The reconstructed data in the graphic below, from the paper, is quite interesting. Currently, we appear to be at the lowest point in the record.

Click for larger images.
Here’s the comparison with the Be10 isotope record:


Wolf-Gleissberg Cycle Paper
Sorry for being off topic but this really takes the cake, and so I encourage readers to take issue.
Professor Hans Joachim Schellnhuber in this Telegraph report calls Americans, the very people who constantly force him to revise and correct his erroneaous UN reports, ignorant on the subject of climate science.
http://www.telegraph.co.uk/earth/earthnews/6240611/Americans-are-illiterate-about-climate-change-claims-expert.html
I encourage readers here to take a few minutes to pick up the phone and let his office know your opinion.
THEY SPEAK ENGLISH OVER THERE. Please call them.
Professor Hans Joachim Schellnhuber CBE
Potsdam-Institut für Klimafolgenforschung (PIK)
Postfach 60 12 03
14412 Potsdam
Germany
Tel.: +49 (331) 288 2502
Fax: +49 (331) 288 2510
E-Mail: director@pik-potsdam.de
As for Leif Erikson, North Americans are more familiar with Eric the Red.
But then he was a Norse of a different colour.
(Sorry, couldn’t help myself)
This will be a breakthrough because of its “correlations” 🙂
One of these with the supposed galactic current sheet.
Quote tallbloke (03:25:48) :
A long time ago Leif told me that Lief in his countries language is a term of endearment. Lief = Love.
Also ref British-Norse ‘Lief and Liege’ unquote
As I understand it Leif Svalgaard is Danish or of Danish origin, so
I am in love = jeg er forelsket
I love you = Jeg elsker dig.
loving, affectionate or fond = kaerlig
As far as I know ‘Lief’ (as a word) has no connection with love or similar.
In German you have “liebe’ such as Ich liebe dich = I love you.

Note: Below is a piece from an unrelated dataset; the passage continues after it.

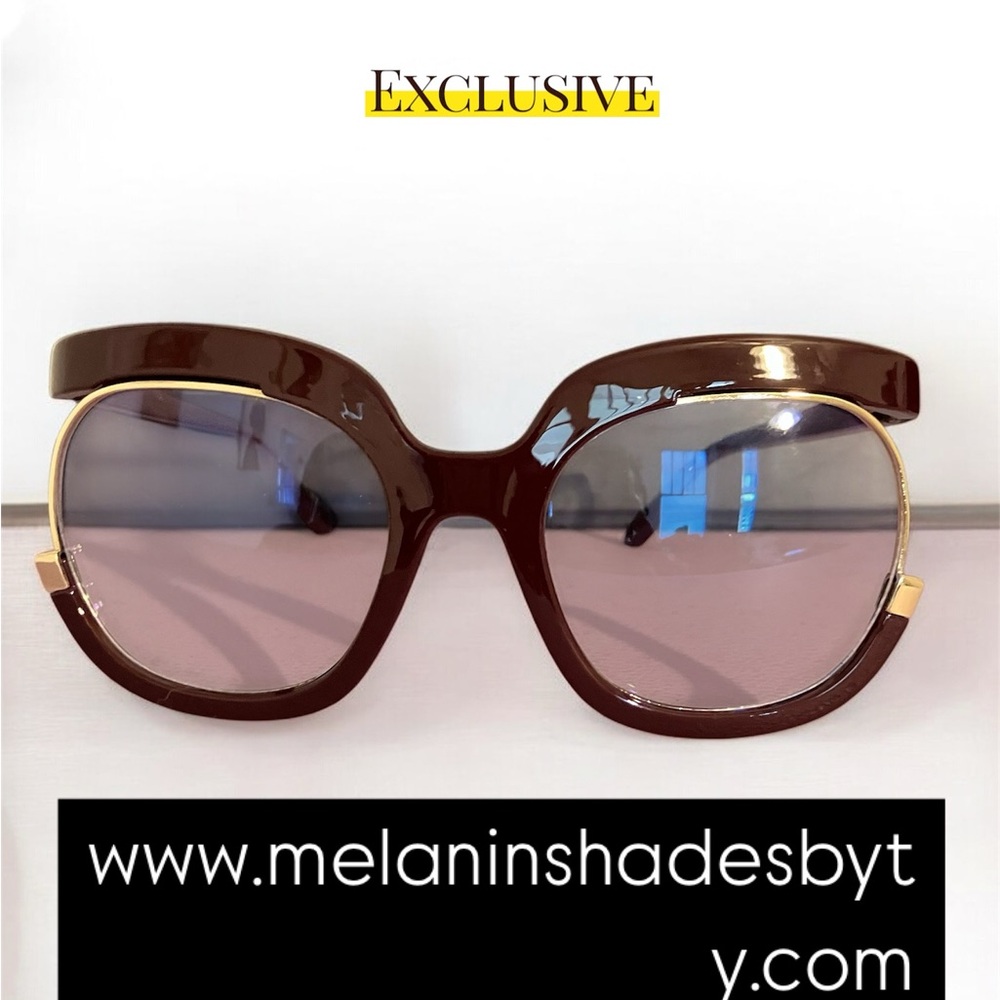 Stylish Brown Gradient Sunglasses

Back to the subject, it will be interesting to see if this recent dip in magnetic field strength can in any way be correlated to the recent increase in ice both at north and south pole, combined with steady 21st century global temperatures both above and below sea level and the recent levelling off of sea level increases. I am now convinced that there are other forcings than CO2 and these appear to be able to override man made CO2. I am beginning to favour the idea that if there is a 0.8 degree C increase in global temperatures over the last 100 years then it has been caused by a mixture of CO2 (20% per Spencer/Linzen), solar activity & cloud changes (Svensmark – another Dane), change caused by other human activity such as land change (Pielke) and possibly uncertainty over the accuracy of temperature time series such as HAD/Cru etc (McIntyre). There was also that Finnish study showing that heat emitted by human activities such as fires, heating of houses, running of motors and industrial activities alone could account for the recorded warming. I think this is “chaos” in action we are seeing.
re: It should be Leaf.
Based on my somewhat limited knowledge of Scandanavian/Germanic languages, I think is should be “Lafe” using more standard English spelling. The “ei” typically makes a long “a” sound. Leif can correct me if I’m wrong (or if he cares much for that matter.)

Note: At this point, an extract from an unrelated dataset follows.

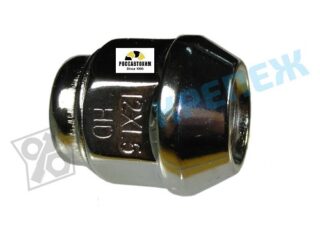 Гайка М12*1,5 колесная закрыт (S=19, L=27мм, хром) 19714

I imagine both Lief and Leif are quite used to this problem. My own last name is often misspoke and misunderstood. One gets used to it after many years and realizes it’s not a big deal.

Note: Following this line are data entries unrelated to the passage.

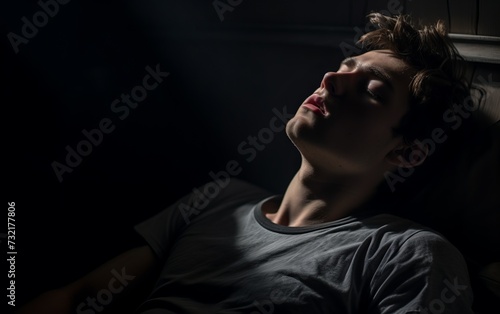 a young man on the verge of overdosing
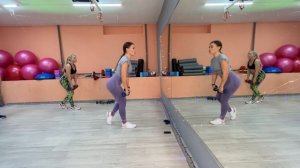СИЛОВАЯ ТРЕНИРОВКА С ГАНТЕЛЯМИ на все тело - one LAV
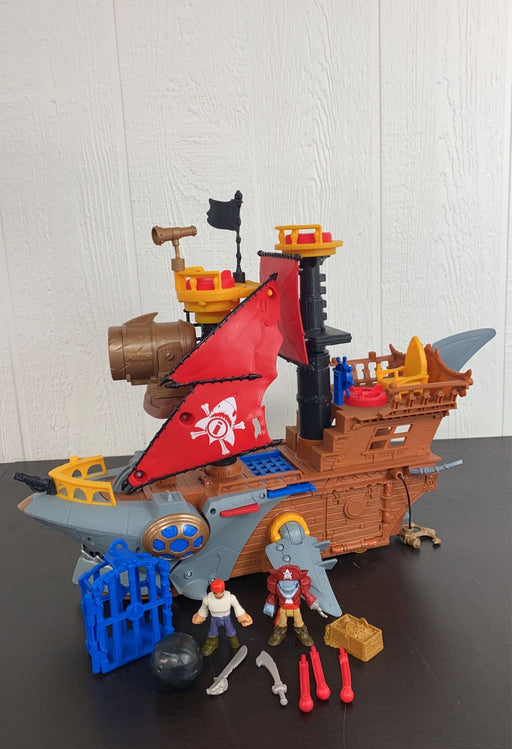 used Fisher Price Imaginext Shark Bite Pirate Ship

I am really, really pleased to see Leif and Edward’s reconstruction agrees with the ~65-70% increase in B from 1900 to 1990 found by Mike Lockwood et al 2009
This fits well with my own model of temperature rise relative to the cumulative sunspot counting method I have developed. Because sunspot number is ‘dimensionless’ it can accomodate further changes and findings regarding other factors. The flip side of that coin is that it can’t ‘disprove’ the influence of other factors either, but I don’t see that as a problem.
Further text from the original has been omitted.